## PROBLEM REQUIREMENTS
Only those lines in the data below from the line containing "canales de distribución" through the line containing "Sa snla, sa kanpe pou", both included, should be restated word for word.

## EXERCISE INPUT
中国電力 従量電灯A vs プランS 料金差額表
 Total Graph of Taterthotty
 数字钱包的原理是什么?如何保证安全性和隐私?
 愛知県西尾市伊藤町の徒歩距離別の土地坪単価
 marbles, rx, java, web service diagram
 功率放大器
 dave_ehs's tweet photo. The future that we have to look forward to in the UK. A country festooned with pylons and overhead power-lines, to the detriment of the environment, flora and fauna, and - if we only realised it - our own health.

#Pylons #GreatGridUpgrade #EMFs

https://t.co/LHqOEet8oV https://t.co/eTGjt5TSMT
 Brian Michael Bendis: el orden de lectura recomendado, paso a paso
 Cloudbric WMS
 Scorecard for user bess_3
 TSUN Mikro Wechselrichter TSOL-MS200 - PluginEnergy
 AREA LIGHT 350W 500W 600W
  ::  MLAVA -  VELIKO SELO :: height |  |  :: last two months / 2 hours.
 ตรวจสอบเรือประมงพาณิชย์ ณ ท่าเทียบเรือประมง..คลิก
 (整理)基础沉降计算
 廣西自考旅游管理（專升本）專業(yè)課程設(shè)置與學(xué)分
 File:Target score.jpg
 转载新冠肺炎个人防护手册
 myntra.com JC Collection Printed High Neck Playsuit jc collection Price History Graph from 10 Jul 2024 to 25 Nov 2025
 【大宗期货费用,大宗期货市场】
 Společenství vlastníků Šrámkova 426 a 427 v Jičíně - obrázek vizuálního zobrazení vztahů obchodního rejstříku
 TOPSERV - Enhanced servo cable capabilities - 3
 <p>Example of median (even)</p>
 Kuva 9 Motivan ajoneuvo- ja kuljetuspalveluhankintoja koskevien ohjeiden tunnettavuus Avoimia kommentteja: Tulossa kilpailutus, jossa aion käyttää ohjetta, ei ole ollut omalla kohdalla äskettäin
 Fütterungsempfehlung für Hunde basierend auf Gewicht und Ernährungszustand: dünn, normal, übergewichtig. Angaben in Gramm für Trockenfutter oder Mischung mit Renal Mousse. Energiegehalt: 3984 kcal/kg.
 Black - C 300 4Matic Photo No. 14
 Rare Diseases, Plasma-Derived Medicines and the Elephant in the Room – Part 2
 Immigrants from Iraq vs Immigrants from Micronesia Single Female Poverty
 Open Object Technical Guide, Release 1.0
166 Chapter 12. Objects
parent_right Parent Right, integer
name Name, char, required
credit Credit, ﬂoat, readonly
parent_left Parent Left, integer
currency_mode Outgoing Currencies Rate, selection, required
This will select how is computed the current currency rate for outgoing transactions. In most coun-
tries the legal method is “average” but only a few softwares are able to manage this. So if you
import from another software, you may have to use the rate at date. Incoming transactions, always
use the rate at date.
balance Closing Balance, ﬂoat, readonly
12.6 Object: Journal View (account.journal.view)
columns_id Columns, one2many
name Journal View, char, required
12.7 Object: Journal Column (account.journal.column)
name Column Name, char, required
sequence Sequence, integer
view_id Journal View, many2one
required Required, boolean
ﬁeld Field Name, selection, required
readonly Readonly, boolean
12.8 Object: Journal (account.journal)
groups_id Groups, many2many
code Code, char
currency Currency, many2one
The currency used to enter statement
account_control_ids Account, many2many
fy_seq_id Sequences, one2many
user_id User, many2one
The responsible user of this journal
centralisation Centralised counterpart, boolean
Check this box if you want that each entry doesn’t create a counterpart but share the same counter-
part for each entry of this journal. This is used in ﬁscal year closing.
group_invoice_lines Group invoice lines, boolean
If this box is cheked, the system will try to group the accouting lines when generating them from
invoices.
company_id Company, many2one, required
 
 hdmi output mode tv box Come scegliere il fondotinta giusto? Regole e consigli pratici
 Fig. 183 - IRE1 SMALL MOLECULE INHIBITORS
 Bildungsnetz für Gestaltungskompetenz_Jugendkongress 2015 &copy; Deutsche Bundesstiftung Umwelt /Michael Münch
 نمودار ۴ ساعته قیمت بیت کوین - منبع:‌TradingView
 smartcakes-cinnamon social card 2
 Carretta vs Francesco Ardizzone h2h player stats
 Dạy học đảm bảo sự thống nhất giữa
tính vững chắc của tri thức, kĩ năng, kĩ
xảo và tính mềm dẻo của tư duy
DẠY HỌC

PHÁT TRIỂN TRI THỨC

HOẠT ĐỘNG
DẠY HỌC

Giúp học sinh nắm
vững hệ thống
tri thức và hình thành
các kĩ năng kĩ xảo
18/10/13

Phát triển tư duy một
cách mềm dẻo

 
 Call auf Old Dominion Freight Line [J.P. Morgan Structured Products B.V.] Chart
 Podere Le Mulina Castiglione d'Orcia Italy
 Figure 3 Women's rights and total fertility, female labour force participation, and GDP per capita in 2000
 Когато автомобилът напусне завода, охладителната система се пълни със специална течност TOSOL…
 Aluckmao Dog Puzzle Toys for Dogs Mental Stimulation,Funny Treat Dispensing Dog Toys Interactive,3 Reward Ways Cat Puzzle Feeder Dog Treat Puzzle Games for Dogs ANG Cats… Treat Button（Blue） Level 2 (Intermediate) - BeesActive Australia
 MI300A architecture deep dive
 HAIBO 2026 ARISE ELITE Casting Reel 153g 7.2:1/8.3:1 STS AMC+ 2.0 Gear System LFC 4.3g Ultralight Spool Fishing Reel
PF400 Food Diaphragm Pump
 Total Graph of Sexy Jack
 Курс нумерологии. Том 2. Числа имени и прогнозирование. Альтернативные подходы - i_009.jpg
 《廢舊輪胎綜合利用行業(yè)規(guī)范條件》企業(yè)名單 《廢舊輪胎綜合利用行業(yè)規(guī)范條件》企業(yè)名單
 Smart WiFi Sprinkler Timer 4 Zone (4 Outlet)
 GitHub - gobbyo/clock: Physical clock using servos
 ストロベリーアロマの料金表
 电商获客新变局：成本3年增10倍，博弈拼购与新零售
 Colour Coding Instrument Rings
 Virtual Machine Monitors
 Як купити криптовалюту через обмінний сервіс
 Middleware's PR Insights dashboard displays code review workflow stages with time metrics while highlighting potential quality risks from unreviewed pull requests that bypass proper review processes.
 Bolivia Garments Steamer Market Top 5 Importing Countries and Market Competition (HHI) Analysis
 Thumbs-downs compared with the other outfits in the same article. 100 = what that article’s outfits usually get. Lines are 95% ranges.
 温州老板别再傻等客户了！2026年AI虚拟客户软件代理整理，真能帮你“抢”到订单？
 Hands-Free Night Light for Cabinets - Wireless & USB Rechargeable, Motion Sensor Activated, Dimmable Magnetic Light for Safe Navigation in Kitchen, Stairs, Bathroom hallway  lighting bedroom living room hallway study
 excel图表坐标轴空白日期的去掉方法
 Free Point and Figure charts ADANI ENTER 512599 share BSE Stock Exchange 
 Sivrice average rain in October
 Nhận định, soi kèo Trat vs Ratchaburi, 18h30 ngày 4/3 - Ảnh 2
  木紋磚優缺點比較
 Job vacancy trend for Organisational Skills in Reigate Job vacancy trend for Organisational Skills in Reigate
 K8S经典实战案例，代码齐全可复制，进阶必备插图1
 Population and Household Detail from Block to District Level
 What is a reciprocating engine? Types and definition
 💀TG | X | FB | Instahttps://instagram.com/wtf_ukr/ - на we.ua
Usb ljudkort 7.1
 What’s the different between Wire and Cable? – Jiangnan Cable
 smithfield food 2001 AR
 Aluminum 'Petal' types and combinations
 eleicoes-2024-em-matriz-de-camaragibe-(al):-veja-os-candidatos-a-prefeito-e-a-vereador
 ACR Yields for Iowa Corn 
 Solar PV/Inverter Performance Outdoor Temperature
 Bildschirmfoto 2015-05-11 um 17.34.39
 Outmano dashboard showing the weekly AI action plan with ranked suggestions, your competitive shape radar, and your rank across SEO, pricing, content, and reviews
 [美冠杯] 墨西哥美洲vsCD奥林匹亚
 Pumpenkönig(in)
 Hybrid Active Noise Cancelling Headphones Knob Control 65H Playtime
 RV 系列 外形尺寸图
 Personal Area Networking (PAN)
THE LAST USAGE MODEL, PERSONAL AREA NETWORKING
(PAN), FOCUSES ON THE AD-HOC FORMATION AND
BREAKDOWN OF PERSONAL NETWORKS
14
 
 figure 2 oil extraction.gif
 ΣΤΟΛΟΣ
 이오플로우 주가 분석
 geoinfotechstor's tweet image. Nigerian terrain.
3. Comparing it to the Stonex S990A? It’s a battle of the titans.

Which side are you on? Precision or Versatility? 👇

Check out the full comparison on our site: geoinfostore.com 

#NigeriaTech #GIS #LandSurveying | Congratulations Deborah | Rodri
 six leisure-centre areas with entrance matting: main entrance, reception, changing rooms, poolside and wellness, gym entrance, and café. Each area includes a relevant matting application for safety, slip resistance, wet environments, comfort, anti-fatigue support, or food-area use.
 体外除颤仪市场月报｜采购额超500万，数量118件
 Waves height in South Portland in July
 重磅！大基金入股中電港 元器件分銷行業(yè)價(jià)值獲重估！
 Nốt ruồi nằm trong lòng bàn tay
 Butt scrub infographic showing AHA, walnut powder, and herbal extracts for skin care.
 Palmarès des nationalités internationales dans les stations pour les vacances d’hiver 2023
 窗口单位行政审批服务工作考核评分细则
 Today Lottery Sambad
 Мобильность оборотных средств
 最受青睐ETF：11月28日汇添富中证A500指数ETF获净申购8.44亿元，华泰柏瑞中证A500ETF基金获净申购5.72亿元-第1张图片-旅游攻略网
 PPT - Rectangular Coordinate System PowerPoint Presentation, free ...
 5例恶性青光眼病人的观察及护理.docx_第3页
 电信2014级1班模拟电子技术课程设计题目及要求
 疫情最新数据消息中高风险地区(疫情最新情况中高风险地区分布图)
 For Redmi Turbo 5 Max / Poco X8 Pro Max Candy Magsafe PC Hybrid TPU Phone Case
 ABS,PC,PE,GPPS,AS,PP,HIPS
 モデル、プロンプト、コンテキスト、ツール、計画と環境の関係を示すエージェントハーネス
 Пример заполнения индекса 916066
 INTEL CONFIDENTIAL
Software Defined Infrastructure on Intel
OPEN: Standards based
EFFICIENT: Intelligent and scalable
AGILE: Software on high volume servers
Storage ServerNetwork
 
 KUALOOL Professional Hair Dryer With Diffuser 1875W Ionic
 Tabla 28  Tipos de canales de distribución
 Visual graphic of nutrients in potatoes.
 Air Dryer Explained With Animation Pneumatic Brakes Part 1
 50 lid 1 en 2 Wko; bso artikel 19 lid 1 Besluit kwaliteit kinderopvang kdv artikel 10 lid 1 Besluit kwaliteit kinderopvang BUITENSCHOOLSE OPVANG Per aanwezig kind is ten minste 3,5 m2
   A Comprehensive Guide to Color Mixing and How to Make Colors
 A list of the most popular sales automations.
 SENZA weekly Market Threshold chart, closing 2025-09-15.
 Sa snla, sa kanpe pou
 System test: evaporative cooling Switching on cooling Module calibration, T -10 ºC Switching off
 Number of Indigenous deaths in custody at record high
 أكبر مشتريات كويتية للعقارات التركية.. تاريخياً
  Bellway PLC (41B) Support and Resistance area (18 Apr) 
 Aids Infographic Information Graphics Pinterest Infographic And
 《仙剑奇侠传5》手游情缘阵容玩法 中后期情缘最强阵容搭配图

## OUTPUT OF THE EXERCISE
 Tabla 28  Tipos de canales de distribución
 Visual graphic of nutrients in potatoes.
 Air Dryer Explained With Animation Pneumatic Brakes Part 1
 50 lid 1 en 2 Wko; bso artikel 19 lid 1 Besluit kwaliteit kinderopvang kdv artikel 10 lid 1 Besluit kwaliteit kinderopvang BUITENSCHOOLSE OPVANG Per aanwezig kind is ten minste 3,5 m2
   A Comprehensive Guide to Color Mixing and How to Make Colors
 A list of the most popular sales automations.
 SENZA weekly Market Threshold chart, closing 2025-09-15.
 Sa snla, sa kanpe pou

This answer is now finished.